Logan Morrison added another run with a single off Holland, giving Mariners closer Fernando Rodney a little wiggle room. Rodney put the tying run on base, but Rodney shut the door.
Furbush's pitching and Miller's homer also allowed the Mariners to make amends for letting a five-run lead slip away.
Endy Chavez opened the game by hustling to stretch what looked to be a single into a double. After James Jones successfully bunted Chavez to third, the Royals pulled the infield in with Robinson Cano at the plate.
Cano walked up to the plate to a chorus of boos from a sold-out crowd at Kauffman Stadium; Royals fans still remember how he didn't select Royal Billy Butler to be a part of the Home Run Derby when it was held in Kansas City two years ago. Cano answered the boos with a single through the hole between third and shortstop--the "5.5" hole made famous by Tony Gwynn--and gave the Mariners a 1-0 lead.
Mike Zunino tacked on another run with a solo homer, his eighth home run of the season. And then the Mariners looked to turn a lead into a rout in the fifth inning.

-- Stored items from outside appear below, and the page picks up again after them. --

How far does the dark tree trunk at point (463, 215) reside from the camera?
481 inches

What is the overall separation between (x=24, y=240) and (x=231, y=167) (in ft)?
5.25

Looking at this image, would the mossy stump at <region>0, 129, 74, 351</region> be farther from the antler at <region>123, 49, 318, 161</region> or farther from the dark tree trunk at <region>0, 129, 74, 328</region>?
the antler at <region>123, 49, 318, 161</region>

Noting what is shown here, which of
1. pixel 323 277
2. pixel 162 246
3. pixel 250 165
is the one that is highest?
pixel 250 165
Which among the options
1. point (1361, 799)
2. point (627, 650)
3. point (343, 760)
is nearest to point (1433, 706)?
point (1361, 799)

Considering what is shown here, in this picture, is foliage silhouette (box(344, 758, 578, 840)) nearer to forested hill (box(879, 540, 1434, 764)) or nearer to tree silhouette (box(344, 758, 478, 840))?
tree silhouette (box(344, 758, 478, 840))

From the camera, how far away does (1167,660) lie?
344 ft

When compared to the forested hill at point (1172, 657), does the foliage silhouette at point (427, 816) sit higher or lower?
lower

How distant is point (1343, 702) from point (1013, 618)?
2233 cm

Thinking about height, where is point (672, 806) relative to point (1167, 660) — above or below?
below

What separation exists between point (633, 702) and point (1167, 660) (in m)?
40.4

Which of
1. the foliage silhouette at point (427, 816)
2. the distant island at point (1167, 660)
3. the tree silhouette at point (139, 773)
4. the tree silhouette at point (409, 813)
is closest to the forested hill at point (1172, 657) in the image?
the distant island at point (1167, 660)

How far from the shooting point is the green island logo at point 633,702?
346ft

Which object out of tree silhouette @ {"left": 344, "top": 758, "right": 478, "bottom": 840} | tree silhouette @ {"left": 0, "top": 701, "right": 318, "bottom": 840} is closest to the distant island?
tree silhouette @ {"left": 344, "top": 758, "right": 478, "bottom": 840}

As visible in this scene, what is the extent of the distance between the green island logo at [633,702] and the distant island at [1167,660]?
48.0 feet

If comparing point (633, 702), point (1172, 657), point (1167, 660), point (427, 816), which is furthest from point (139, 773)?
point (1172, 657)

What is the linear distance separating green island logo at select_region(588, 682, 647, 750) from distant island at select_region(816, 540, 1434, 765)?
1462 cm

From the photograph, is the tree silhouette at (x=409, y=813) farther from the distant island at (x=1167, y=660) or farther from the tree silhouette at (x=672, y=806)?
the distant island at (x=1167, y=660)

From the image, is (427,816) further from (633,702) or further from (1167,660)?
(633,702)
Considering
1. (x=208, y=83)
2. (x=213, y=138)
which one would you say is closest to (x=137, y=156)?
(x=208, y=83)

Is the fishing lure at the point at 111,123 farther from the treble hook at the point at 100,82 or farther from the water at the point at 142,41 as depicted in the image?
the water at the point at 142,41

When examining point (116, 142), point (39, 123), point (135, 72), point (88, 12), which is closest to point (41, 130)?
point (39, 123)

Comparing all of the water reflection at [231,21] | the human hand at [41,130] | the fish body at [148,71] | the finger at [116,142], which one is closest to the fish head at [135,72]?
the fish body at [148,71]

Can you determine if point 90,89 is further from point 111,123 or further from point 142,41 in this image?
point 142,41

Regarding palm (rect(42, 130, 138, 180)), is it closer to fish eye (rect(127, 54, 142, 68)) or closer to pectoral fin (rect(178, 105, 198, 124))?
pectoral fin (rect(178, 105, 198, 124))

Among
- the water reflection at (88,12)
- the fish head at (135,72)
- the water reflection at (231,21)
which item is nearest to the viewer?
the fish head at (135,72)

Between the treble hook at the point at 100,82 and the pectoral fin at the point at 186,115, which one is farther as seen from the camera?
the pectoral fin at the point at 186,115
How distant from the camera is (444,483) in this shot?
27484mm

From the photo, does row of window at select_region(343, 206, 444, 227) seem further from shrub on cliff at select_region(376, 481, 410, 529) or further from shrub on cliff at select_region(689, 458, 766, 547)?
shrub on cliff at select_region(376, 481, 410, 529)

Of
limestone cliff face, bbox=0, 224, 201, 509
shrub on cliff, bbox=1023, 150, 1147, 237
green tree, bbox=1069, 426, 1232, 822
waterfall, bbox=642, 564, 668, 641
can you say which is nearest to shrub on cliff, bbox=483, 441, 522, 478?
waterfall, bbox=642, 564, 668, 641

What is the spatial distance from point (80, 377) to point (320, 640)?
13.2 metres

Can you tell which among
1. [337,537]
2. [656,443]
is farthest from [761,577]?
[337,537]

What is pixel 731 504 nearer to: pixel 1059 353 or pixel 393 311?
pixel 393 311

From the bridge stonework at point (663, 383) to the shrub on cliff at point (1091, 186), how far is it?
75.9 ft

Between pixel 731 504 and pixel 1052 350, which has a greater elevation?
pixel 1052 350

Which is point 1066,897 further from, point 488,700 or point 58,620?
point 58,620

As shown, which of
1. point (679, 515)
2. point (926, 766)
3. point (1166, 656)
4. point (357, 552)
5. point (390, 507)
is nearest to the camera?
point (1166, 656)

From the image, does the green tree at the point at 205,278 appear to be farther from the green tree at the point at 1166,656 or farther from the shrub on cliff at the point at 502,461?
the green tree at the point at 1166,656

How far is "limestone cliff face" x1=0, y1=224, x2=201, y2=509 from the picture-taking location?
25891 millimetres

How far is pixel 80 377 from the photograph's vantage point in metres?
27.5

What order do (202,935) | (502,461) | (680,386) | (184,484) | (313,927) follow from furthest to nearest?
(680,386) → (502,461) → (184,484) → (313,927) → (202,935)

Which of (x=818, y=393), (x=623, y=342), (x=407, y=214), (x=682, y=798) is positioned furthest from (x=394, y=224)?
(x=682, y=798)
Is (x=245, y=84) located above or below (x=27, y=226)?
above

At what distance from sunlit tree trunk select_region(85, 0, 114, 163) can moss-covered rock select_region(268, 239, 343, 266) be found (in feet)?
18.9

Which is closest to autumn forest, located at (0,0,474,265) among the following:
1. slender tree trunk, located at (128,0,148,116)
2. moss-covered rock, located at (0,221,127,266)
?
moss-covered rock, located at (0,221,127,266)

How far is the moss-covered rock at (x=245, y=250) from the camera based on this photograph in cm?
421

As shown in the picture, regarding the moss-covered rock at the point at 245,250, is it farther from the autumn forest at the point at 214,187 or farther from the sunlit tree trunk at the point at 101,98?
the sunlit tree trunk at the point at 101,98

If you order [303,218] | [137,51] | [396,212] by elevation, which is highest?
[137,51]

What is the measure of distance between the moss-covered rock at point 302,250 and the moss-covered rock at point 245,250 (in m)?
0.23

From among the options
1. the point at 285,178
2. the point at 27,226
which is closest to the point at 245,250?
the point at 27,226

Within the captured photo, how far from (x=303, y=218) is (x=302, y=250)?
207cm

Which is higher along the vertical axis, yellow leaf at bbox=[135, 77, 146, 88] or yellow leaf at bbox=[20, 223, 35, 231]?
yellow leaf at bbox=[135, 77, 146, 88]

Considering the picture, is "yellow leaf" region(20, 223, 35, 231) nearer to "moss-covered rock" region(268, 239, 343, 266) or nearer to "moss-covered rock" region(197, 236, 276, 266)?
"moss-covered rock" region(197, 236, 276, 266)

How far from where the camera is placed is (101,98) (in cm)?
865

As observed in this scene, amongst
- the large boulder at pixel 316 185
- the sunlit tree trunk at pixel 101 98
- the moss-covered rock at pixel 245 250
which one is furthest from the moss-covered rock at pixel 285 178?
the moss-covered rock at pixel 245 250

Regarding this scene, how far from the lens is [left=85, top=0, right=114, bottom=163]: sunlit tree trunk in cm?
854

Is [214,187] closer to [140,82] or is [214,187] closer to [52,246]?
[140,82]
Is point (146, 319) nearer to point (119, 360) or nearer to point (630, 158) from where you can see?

Cano drove in Jones with a double, and Logan Morrison drove in two more runs with his second home run of the season. That gave the Mariners a 5-0 lead, and it felt like more than enough for starting pitcher Hisashi Iwakuma.
It was immediately after that surge that Iwakuma revealed that he is, indeed, human. He had looked nearly unhittable through four innings.
He struck out the side in the first inning. He didn't allow a runner to reach second through four innings. He was efficient with his pitches and looked like he would last deep into the game.
But Iwakuma cracked in the fifth inning. He struck out Alex Gordon to start the inning before the barrage followed: a solo home run by Salvador Perez, a double by Lorenzo Cain and a two-run home run by Moustakas.
He had allowed only three Royals runners to reach second in his previous 20 innings against Kansas City; he allowed four to do so in the fifth.
Iwakuma gave up back-to-back singles to start the sixth, and suddenly Iwakuma's night was over. Mariners manager Lloyd McClendon elected to bring in reliever Dominic Leone.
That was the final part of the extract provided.